Source information:
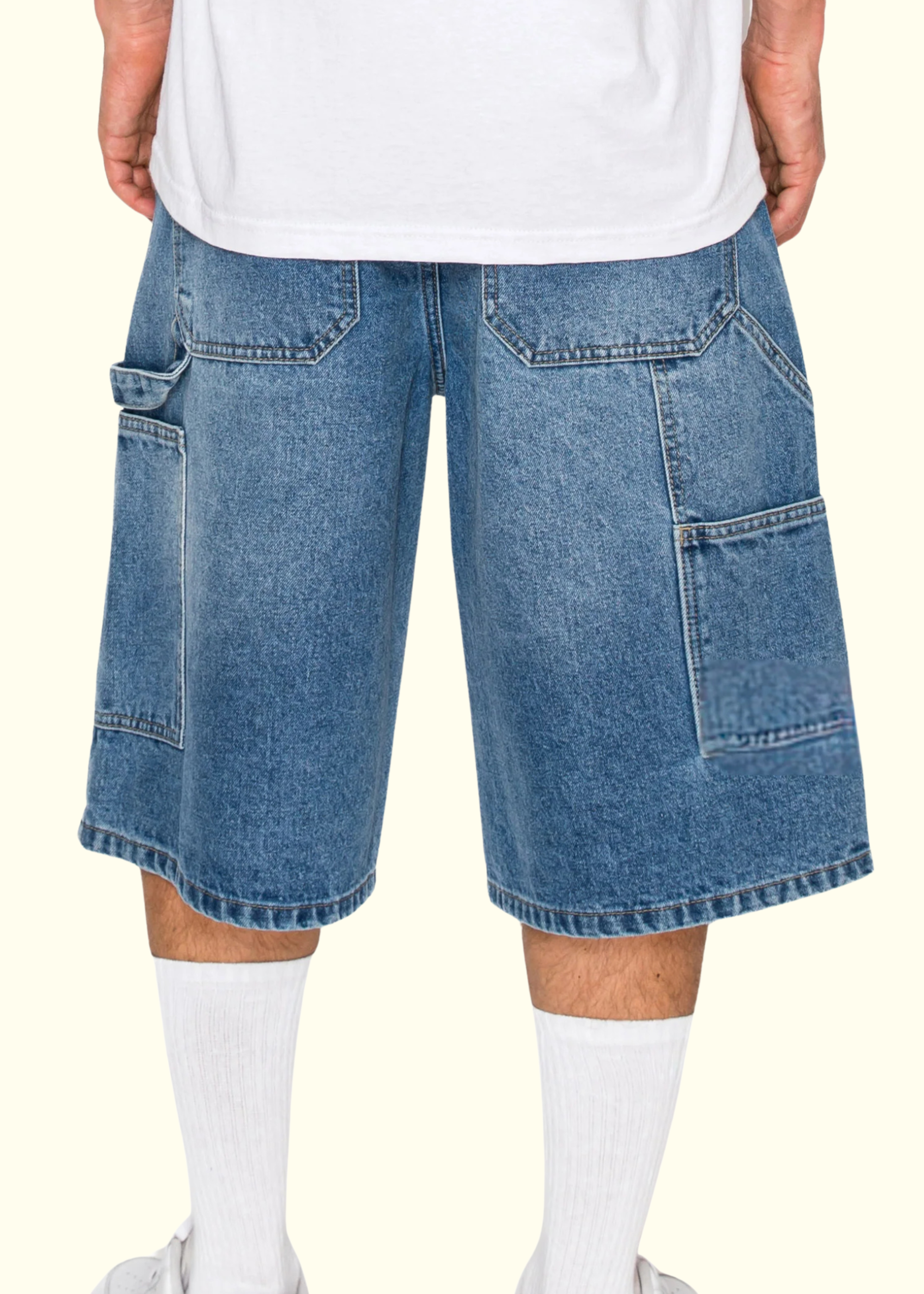 Baggy Fit Carpenter Denim Shorts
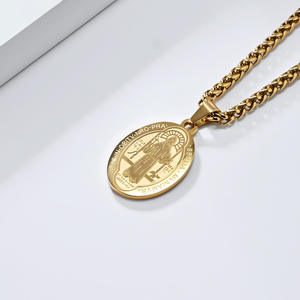 <span class=keywords><strong>Cross</strong></span>-border europeo americano medaglia ovale a forma di croce in acciaio inossidabile collana Unisex regalo in acciaio al titanio - Product Image 3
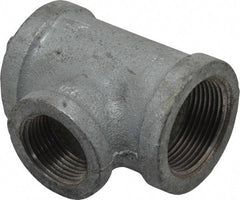 Made in USA - Class 150, 1-1/4 x 1-1/4 x 1" Galvanized Pipe Reducing Tee - Threaded, Malleable Iron - Americas Industrial Supply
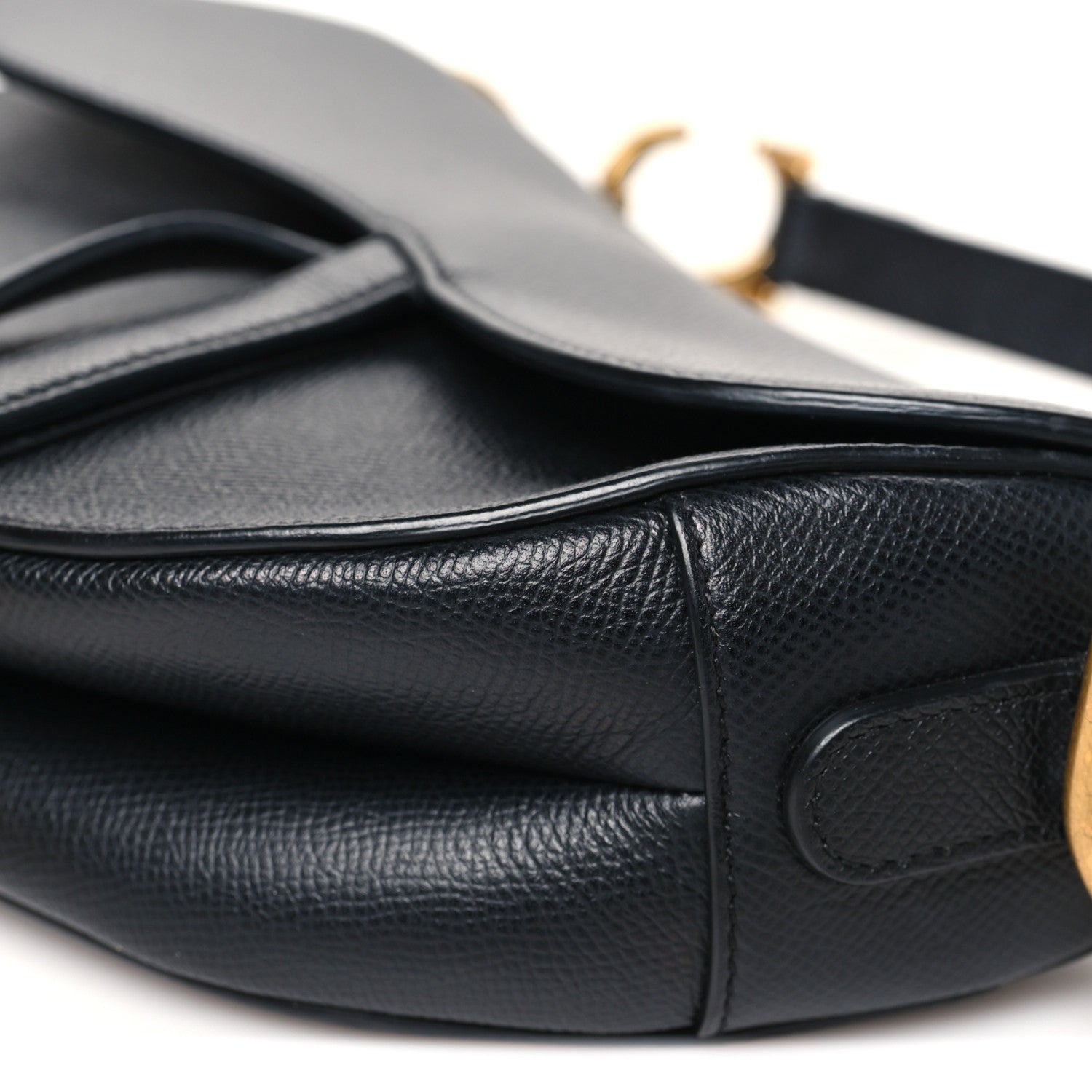 Christian Dior Grained Calfskin Saddle Bag Black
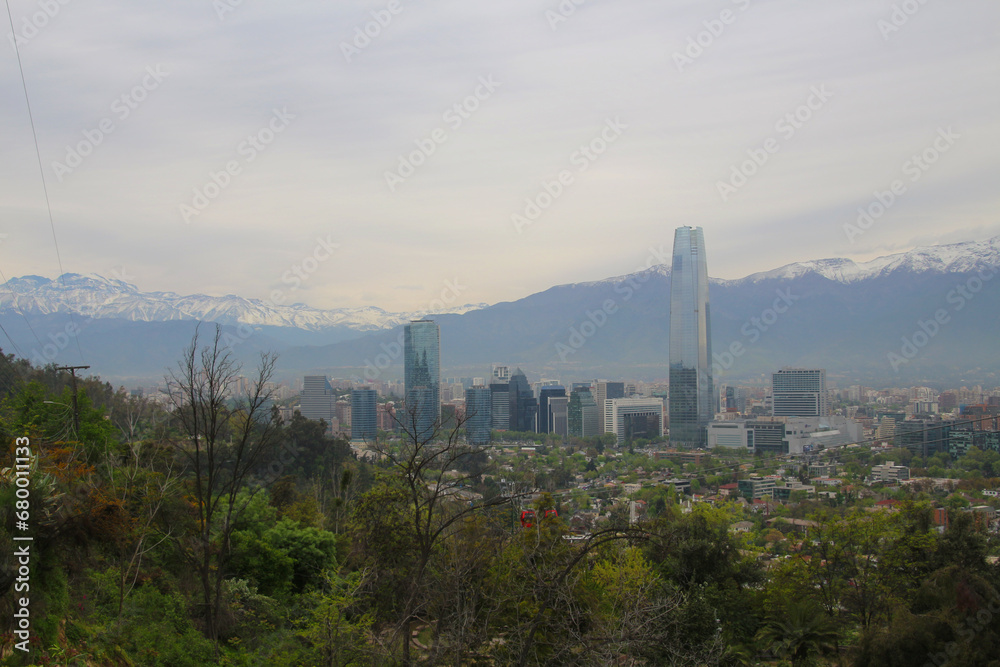 View of the Chilean capital Santiago de Chile with the Gran Torre Santiago skyscraper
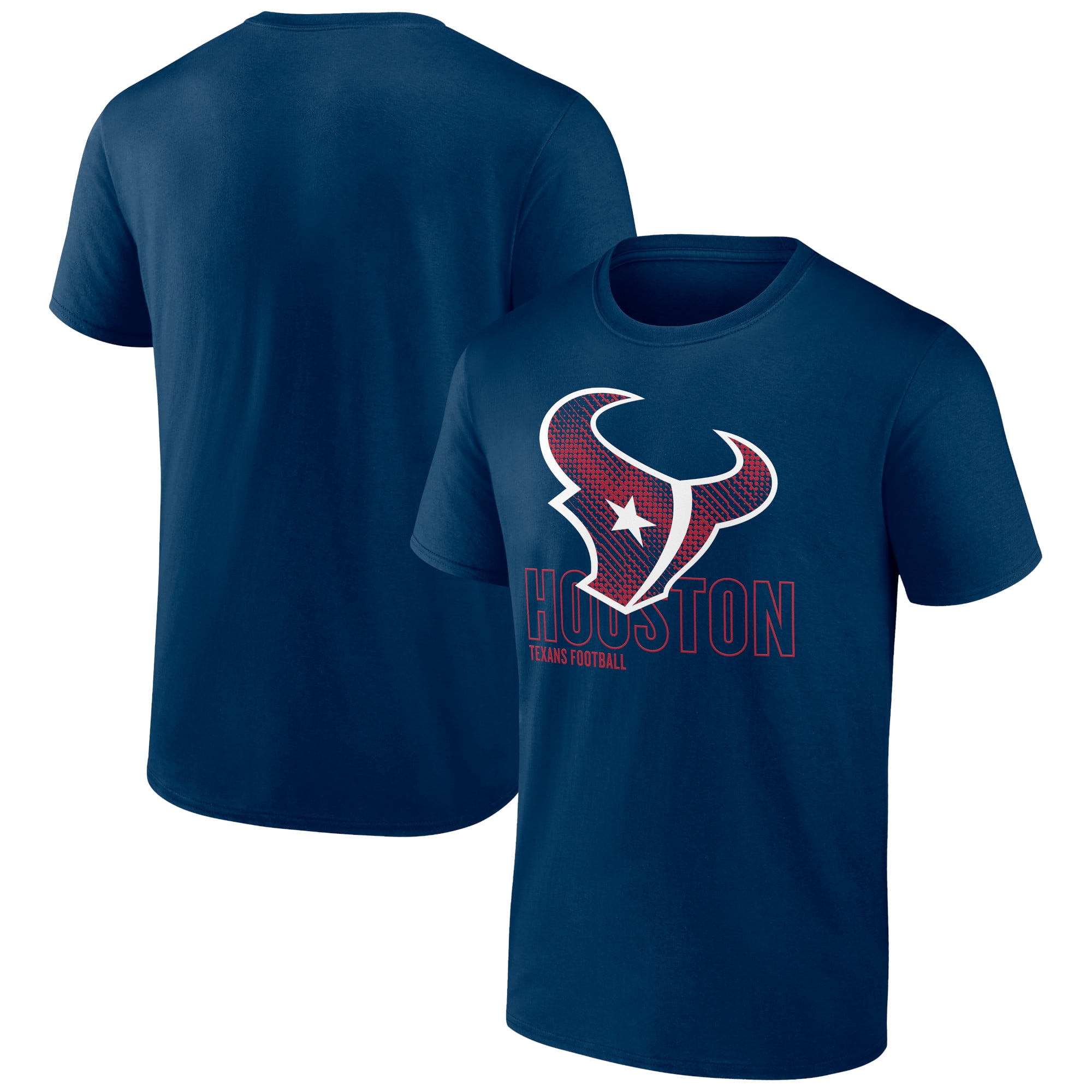 Men s Navy Houston Texans Faded Fill T Shirt Walmart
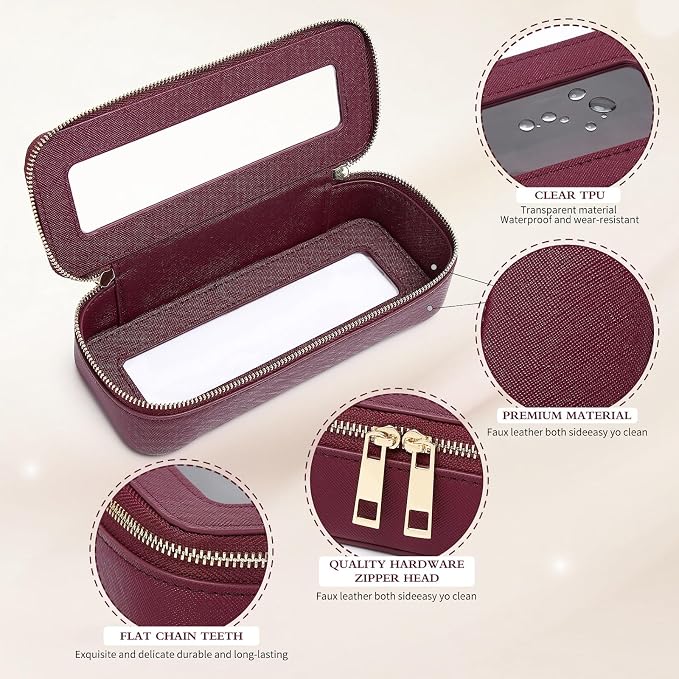 Pinkmik Makeup Brush Case, Burgundy, SLIM | Clear Travel Cosmetic & Toiletry Bag, Small Makeup Bag, Zipper Purse Organizer, Car Essential Bag for Women - Image 5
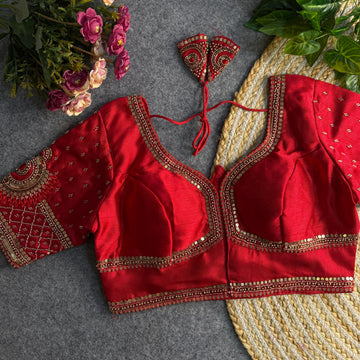 Red Beautiful Heavy Sabyasachi Style Lotus Beads Work Bridal Blouse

Prompt:
Your answer should consist solely of the lines from the one with "Product Image 3" through the last line of the entries, restated word for word, with the pictures omitted.

Response for this exercise:
 <span class=keywords><strong>Cross</strong></span>-border europeo americano medaglia ovale a forma di croce in acciaio inossidabile collana Unisex regalo in acciaio al titanio - Product Image 3
 Made in USA - Class 150, 1-1/4 x 1-1/4 x 1" Galvanized Pipe Reducing Tee - Threaded, Malleable Iron - Americas Industrial Supply
 Christian Dior Grained Calfskin Saddle Bag Black
 View of the Chilean capital Santiago de Chile with the Gran Torre Santiago skyscraper
 Men s Navy Houston Texans Faded Fill T Shirt Walmart
 Pinkmik Makeup Brush Case, Burgundy, SLIM | Clear Travel Cosmetic & Toiletry Bag, Small Makeup Bag, Zipper Purse Organizer, Car Essential Bag for Women - Image 5
 Red Beautiful Heavy Sabyasachi Style Lotus Beads Work Bridal Blouse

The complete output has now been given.